If you enjoyed this rant about stage directions and chairs, there is more joy for you in The Problem Of Bums on Seats.

If you came for the chairs, but stayed for the prepositions, then may I suggest ‘Why Can’t the English Teach Their Railways How to Speak‘?

Is this a play or a novel?

A novel gives a writer the illusion of control.  By describing in the most minute detail, the novelist seeks to fix characters immutably.
Plays are different.  Plays are a collaborative process.  The writer creates, but someone else brings the work to the stage.  As Damian Trasler put it (in a frustrated tweet):-

This does not mean that the director and actors should change the script, but they, not the author, have the responsibility for bringing it to life.  At a simple level, the writer may have a very specific vision of the actors who should play the characters, but those actors may not be available.  (There are exceptions.  When contemplating the first production of The Real Inspector Hound, Tom Stoppard was asked how he saw the roles of the central characters.  He described Birdboot as a Ronnie Barker and Moon as a Richard Briers.  Director Robert Chetwyn managed to cast Ronnie Barker as Birdboot and Richard Briers as Moon.  However, as far as I know, they were not available for all the subsequent productions.)

So, as a writer, how do you know that you are usurping the job of actor and director?  The biggest clue is the over-use of stage directions.  If a direction is necessary to make the plot work (telling someone that they need to be on stage, for example), then that’s fine.  On the other hand, if you repeatedly describe facial expressions or tone of speech, then close down your script file and write your novel; that’s clearly what you want to do.  I’m not saying never do it (sarcasm, for example, is not always obvious) in written dialogue, but if you keep describing tone and expression, you’re stifling the actor.  Furthermore (whisper this quietly), sometimes the actor will find something that the author didn’t realise was there.
Similarly, if the writer stuffs a script with pauses, beats or ellipses, it becomes unreadable.  The writer’s effort to show the rhythm of the speech gets in the way of the actors need to find that rhythm.  (If it is essential to you to dictate the cadence of every speech, then turn your script into a poetic monologue and perform it yourself!)  Of course there’s a time and a place for pauses.  There are the pauses that indicate where the gaps are in a one-sided phone conversation, and there are the long, significant pauses that make the audience uncomfortable.  In general, however, it’s far better for the writer to concentrate on punctuating the sentences and let the actor find a rhythm to suit the character.
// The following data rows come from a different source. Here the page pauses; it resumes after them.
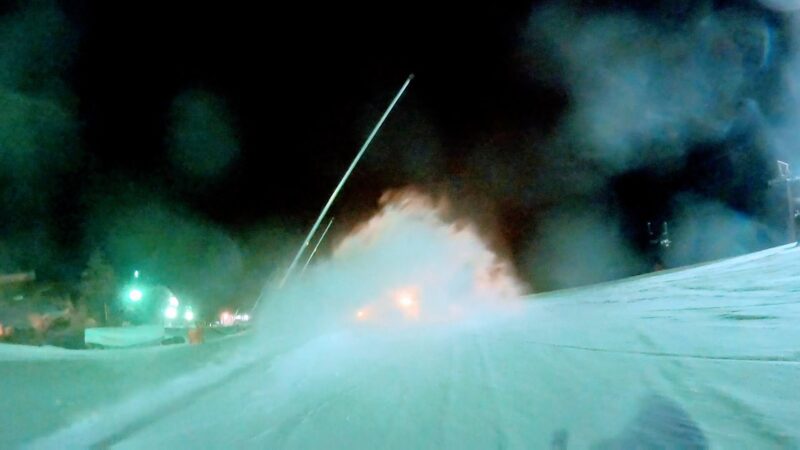 【ナイター滑ろう会 上の台大雪スノーボード】山形蔵王温泉スキー場 Uwanodai-night-skiing-party-at-Yamagata-Zao-Onsen-Ski-Resort.jpg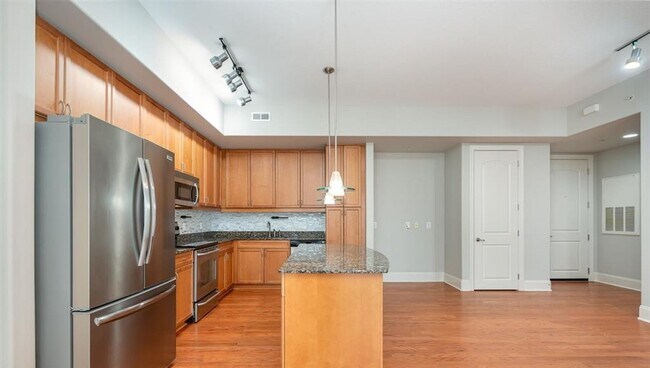 Building Photo - 4620 Piedmont Row Dr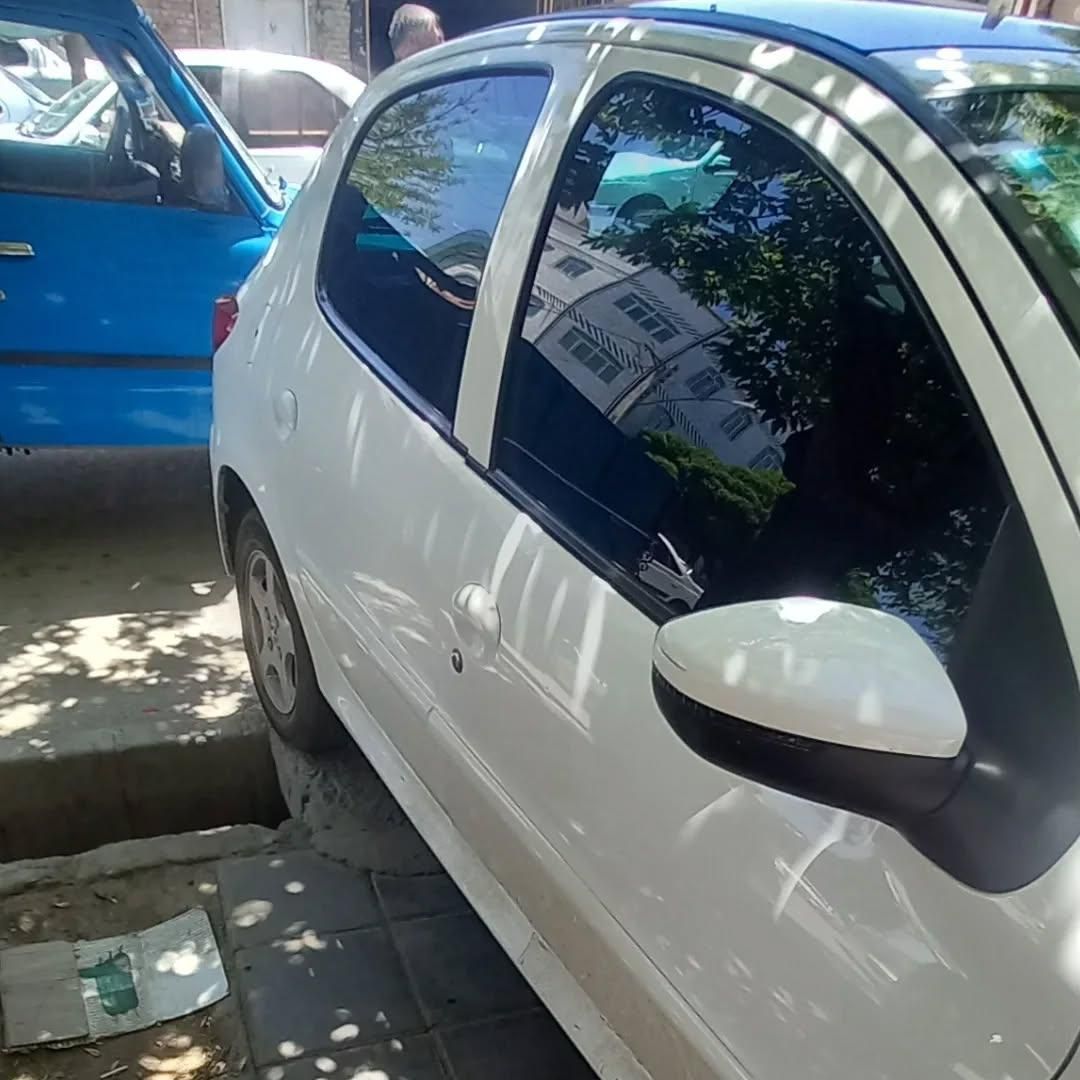 شیشه دودی نانوسرامیک فقط ۴۰۰ هزار تومان|خدمات موتور و ماشین|ساوه, |دیوار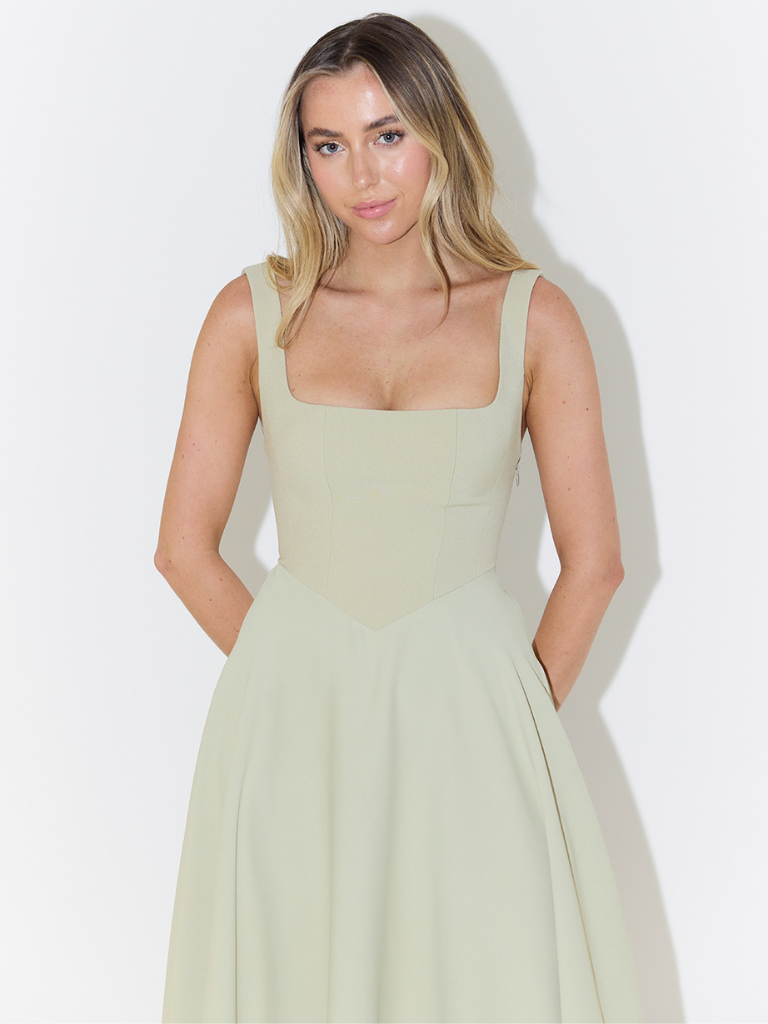 Natiné - Elegancka Midi Sukienka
Oh, by the way, that novelist’s illusion of control: it’s an illusion.  No matter what you put on the page, a different image will be created in the head of every reader.

Making A Scene

American play scripts tend to have a scene-setting direction before the start of the play, then the play starts with an “at rise” direction.  Whilst I often dislike the way this looks, I think the structure is hugely useful.  Let break this down.

Setting the Scene

A scene heading should indicate a change of time or place.  (There may be exceptions to this: in abstract theatre, with little or no set, where the action changes in time and space without any formal indication, arguably, you don’t need scene headings.  On the other hand, where there are separate blocks of dialogue it may be useful to break the text up into scenes. However the latter is for the purpose of rehearsal and is usually the director’s job rather than the author’s.)  So in normal circumstances, it can be useful to state the distinguishing feature of the scene (the time or place that has changed) in the scene heading.  So:-

Scene 1 – Monday Morning
Scene 2 – Monday Afternoon
Scene 3 – Twenty Minutes Later

All those happen in the same place, so (unless a later scene happens somewhere else), the location doesn’t distinguish one scene from another and there’s no need to put it in the heading.
Hang on a minute!  Where’s this play set?  And, come to that, when?  It’s all very well saying that it’s Monday Morning; I don’t want to wade though three pages of puzzling dialogue before I discover it’s 1744.  The readers needs that information; it’s not in the scene headings, so where do they find it?  This is where the scene-setting direction comes in.  One or more scene-setting directions should follow every scene heading.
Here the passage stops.